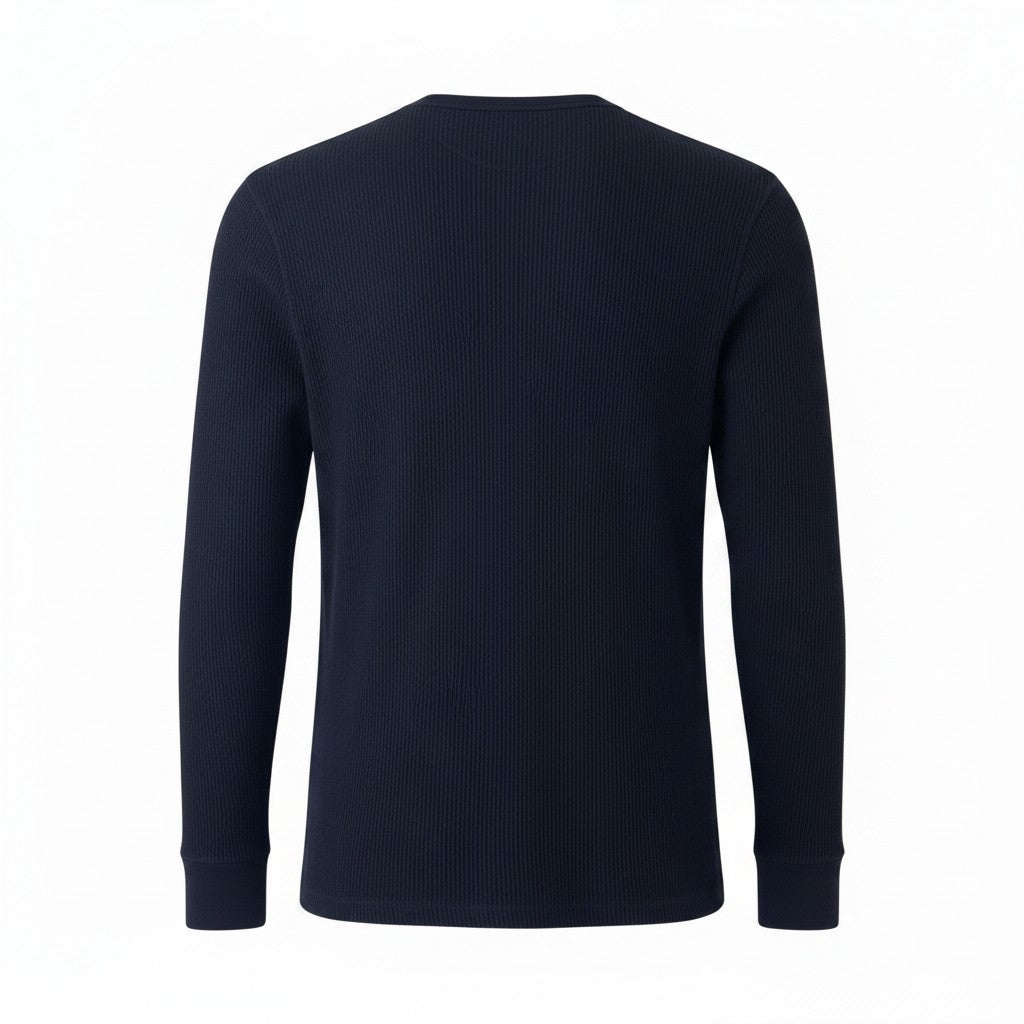 Pull Ralph Lauren  – Col rond – noir – taille L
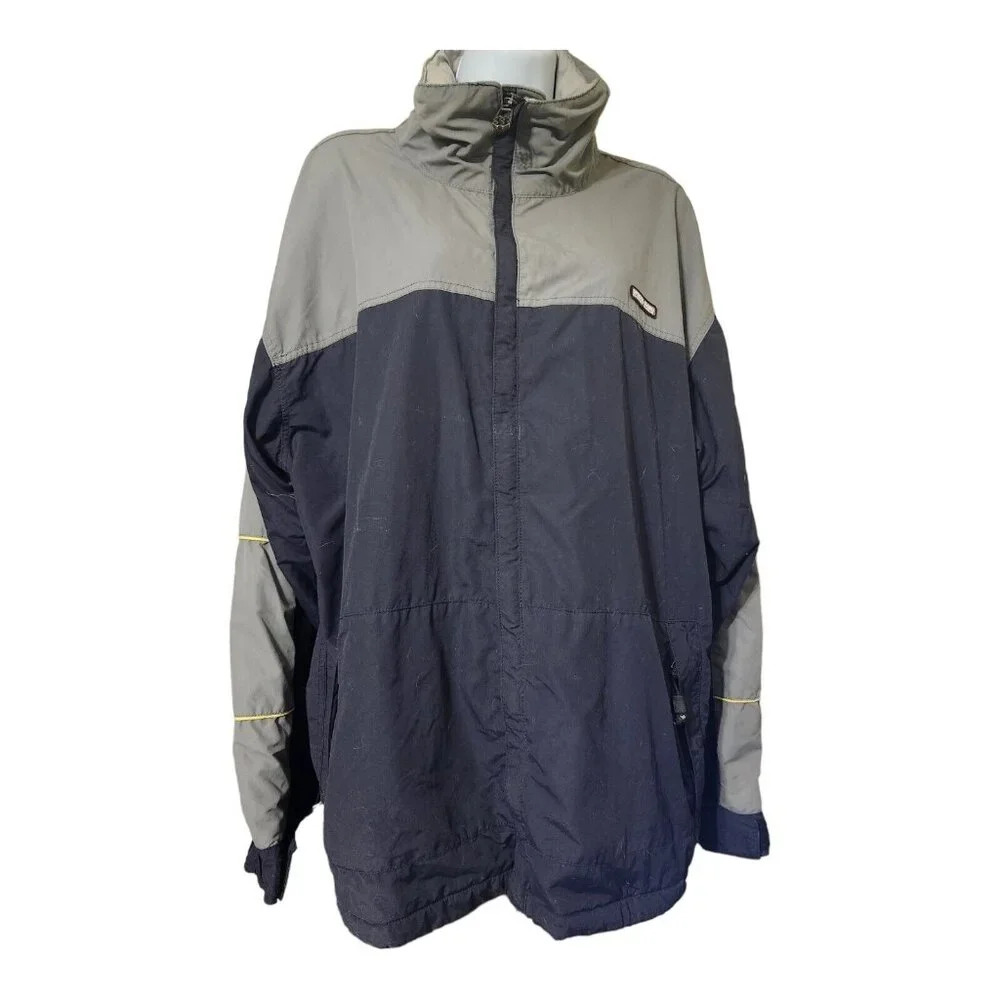 Special Blend  Women Size XL‎ Waterproof Light Jacket Atlas Series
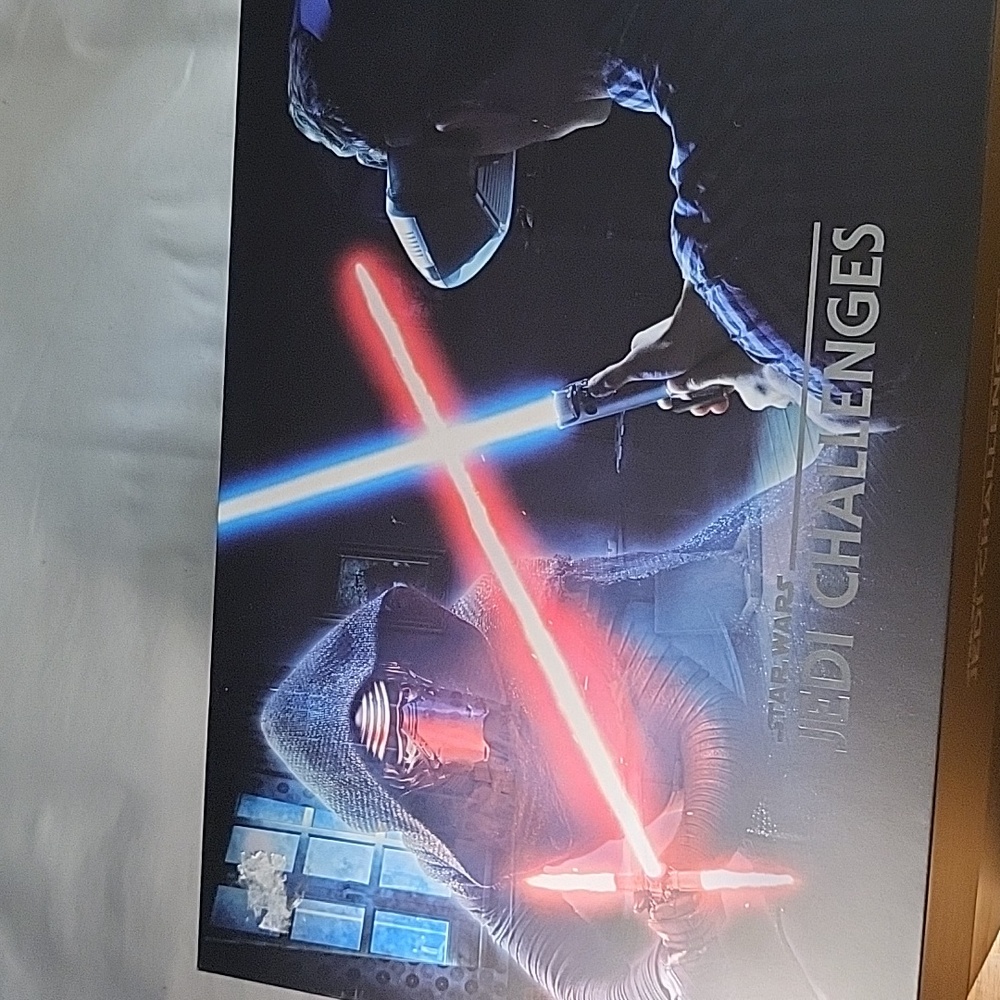 Star wars - Picture 4 of 4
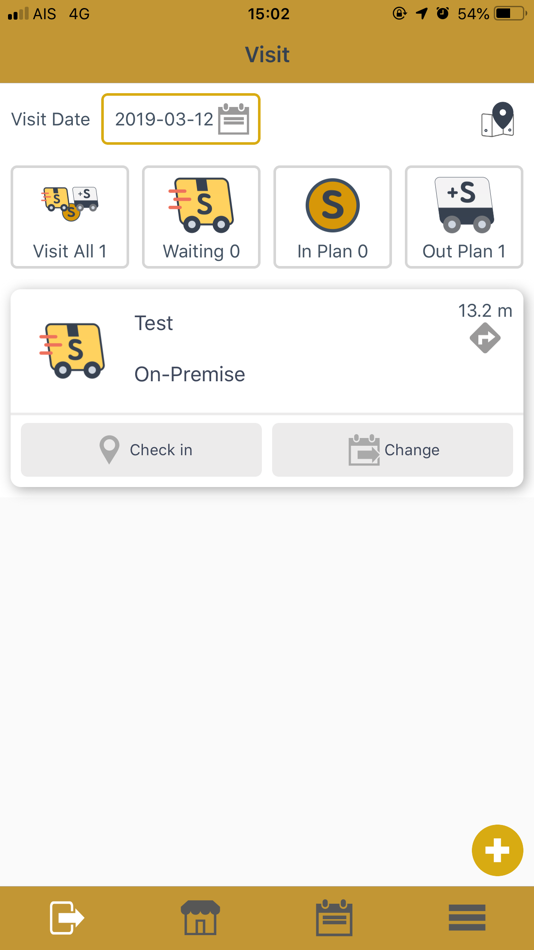 #3. Singha Surveys (iOS) 由: SBP Digital Service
★ ★ ★
▸ GOAL OF THE EXERCISE
Go through the listing above and retype each line exactly, apart from the pictures.

▸ SOLUTION TO THIS PROBLEM
 Pull Ralph Lauren  – Col rond – noir – taille L
 Special Blend  Women Size XL‎ Waterproof Light Jacket Atlas Series
 Star wars - Picture 4 of 4
 #3. Singha Surveys (iOS) 由: SBP Digital Service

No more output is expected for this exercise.